_ASSIGNED TASK_
Among the entries below, copy only the span from the line containing "[图]越剧竺水招版《梁祝 楼台会 十相思》（竺水招&芸轩）【我也不想心动，但是她喊我妹妹，还说想我耶】" through the line containing "帕蒂塔组曲第二首曲式分析图". Do so exactly, and skip the pictures.

_DATA PROVIDED_
*** Begin section ***

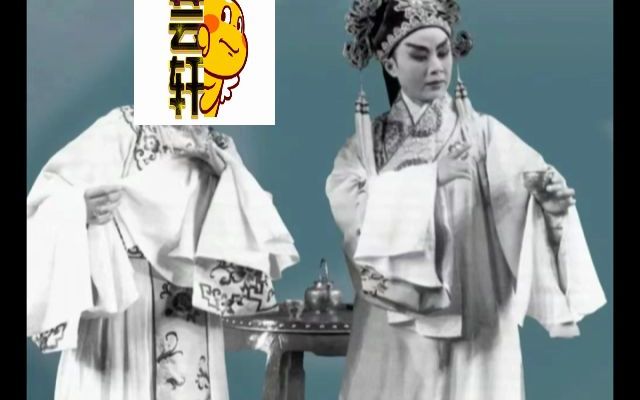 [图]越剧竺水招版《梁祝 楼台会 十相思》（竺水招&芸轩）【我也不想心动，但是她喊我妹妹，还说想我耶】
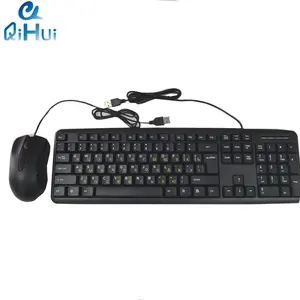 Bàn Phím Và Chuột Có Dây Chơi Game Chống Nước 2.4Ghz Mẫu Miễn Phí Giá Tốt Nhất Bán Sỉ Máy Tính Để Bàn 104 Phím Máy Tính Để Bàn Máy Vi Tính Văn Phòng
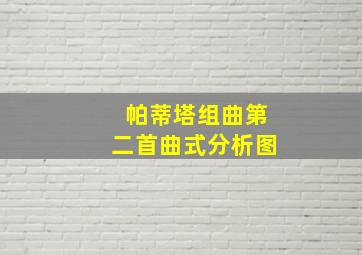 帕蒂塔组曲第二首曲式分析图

*** End section ***
*** Begin section ***

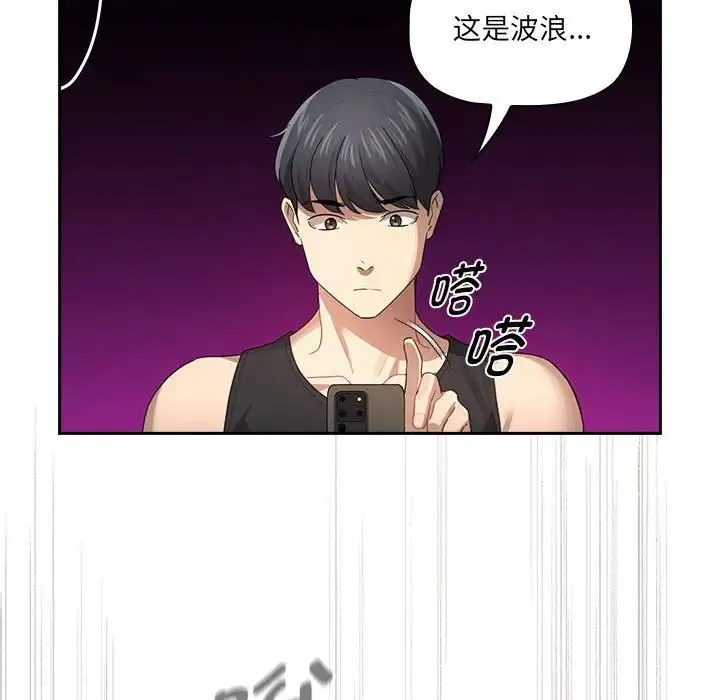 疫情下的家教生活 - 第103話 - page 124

*** End section ***

_ANSWER SPACE_
 [图]越剧竺水招版《梁祝 楼台会 十相思》（竺水招&芸轩）【我也不想心动，但是她喊我妹妹，还说想我耶】
 Bàn Phím Và Chuột Có Dây Chơi Game Chống Nước 2.4Ghz Mẫu Miễn Phí Giá Tốt Nhất Bán Sỉ Máy Tính Để Bàn 104 Phím Máy Tính Để Bàn Máy Vi Tính Văn Phòng
 帕蒂塔组曲第二首曲式分析图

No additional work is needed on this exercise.